Взгляд другого видит мир, где зеркала знания и морали лгут, где лаборатории производят вампиров, а вампиры бессильно пытаются быть деятелями на ниве общего блага, изнуряя себя рефлексией и угрызениями совести. Просвещенный разум, всегда стремившийся к солнцу истины, рассыпается при его свете, как истлевший в его лучах вампир.
Примечания:
1. «Qu’on lise le roman avec soin, on verra que chaque chapitre est l’étude d’un cas curieux de physiologie».
2. «Zola’s materialism goes on a rampage of hygienic purification of which the goal is precisely to suspend the act of transmuting and transporting, in short, to banish all metaphors that hide the real. Paradoxically, what Ulbach sees as putrefaction is Zola’s attempt at purification, an effort to strip away the layers of mediation characteristic of idealism in novelistic practice».
3. «Alors eut lieu en lui un étrange travail; les nerfs se développèrent, l’emportèrent sur l’élément sanguin, et ce fait seul modifia sa nature. Il perdit son calme, sa lourdeur, il ne vécut plus une vie endormie. Un moment arriva où les nerfs et le sang se tinrent en équilibre; ce fut là un moment de jouissance profonde, d’existence parfaite. Puis les nerfs dominèrent et il tomba dans les angoisses qui secouent les corps et les esprits détraqués».
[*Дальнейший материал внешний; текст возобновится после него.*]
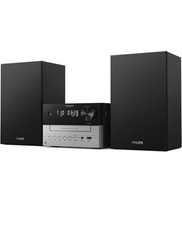 Philips TAM3505M2 Mini Sistema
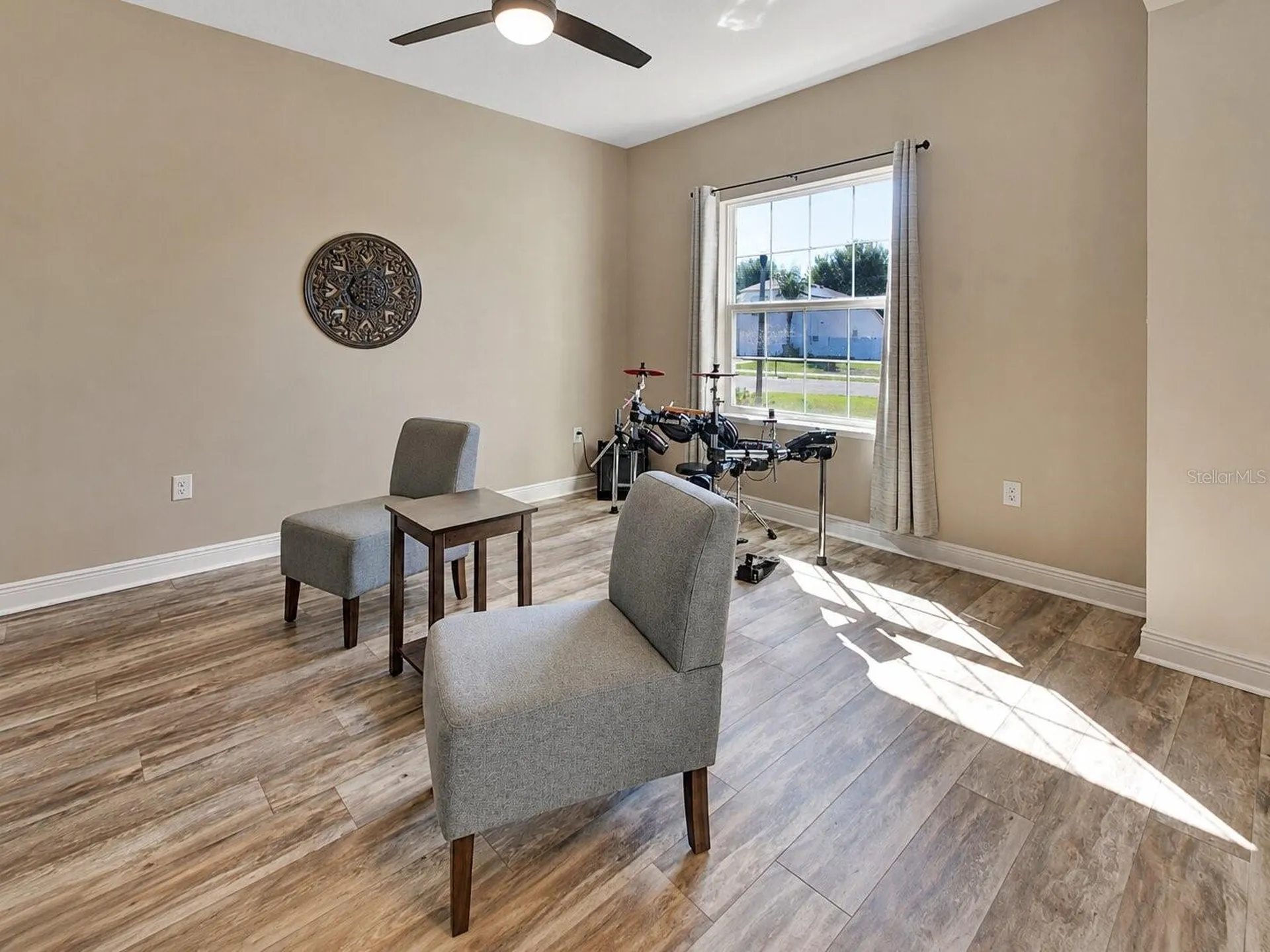 51 Virginia Avenue Deland FL 32724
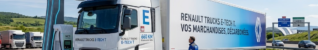 Révolution électrique du poids lourd : Pourquoi la bascule sera beaucoup plus rapide que prévu ! 🚚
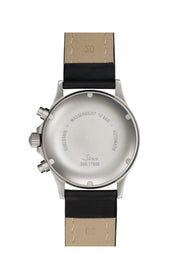 Relógio Sinn 356 PILOT 356.020 38,5 mm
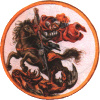 Ugor (Ugor'e) coat of arms img55146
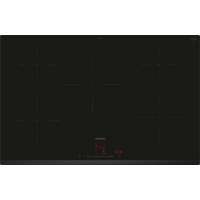 Koop Siemens EH831HVB1E - 4242003935392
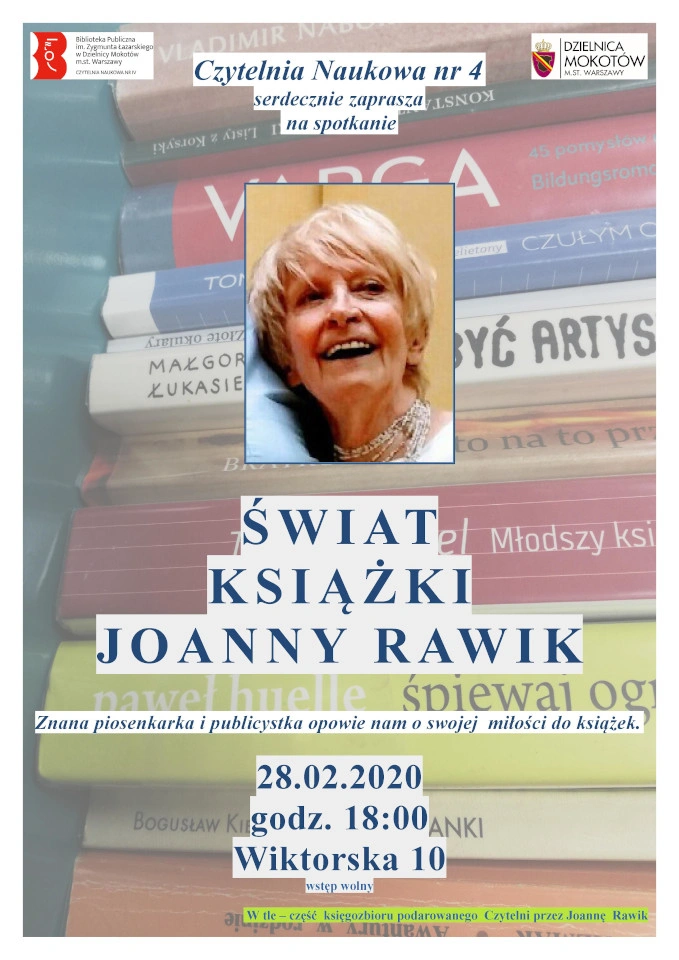 czn_iv_swiat_ksiazki_joanny_rawik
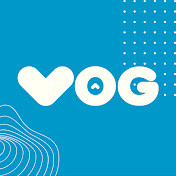 Vog Imóveis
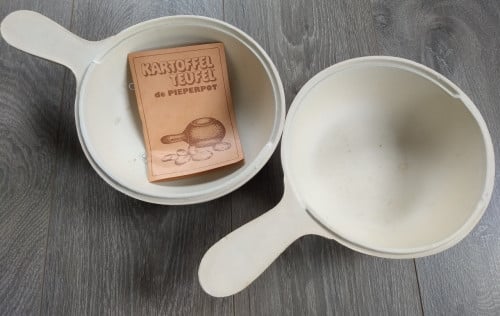 Kartoffelteufel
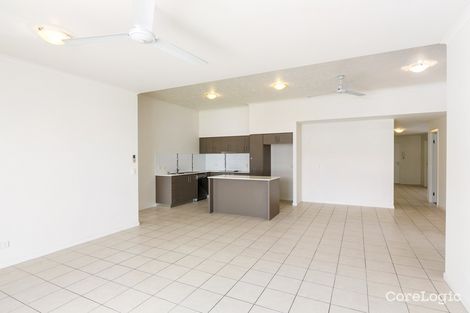 Property photo of 24/189-191 Abbott Street Cairns City QLD 4870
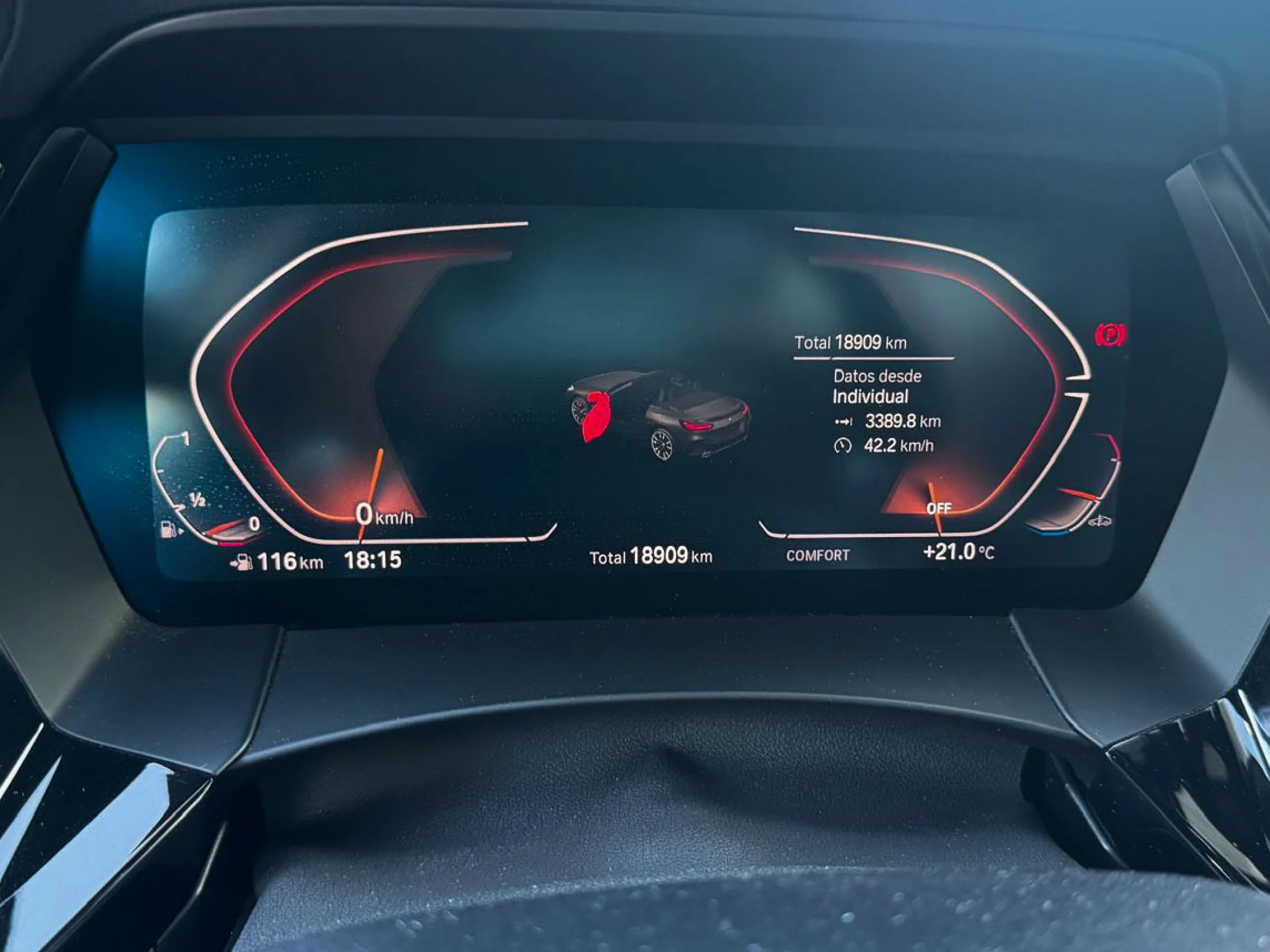 BMW Z4 M Z4 sDrive30i - Foto 5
4. «I first visualized that moment of realization as taking place in the bathroom where Sang-hyun would catch his reflection in the mirror and realize what he was actually doing. But I didn’t actually like using this device of the mirror because it was the easy way out. Anyone could think of using a mirror in this situation. Instead, I came across Thérèse Raquin. I felt the character of the mother-in-law (Madame Raquin in the novel; Lady Ra in the film) could stand in for the mirror».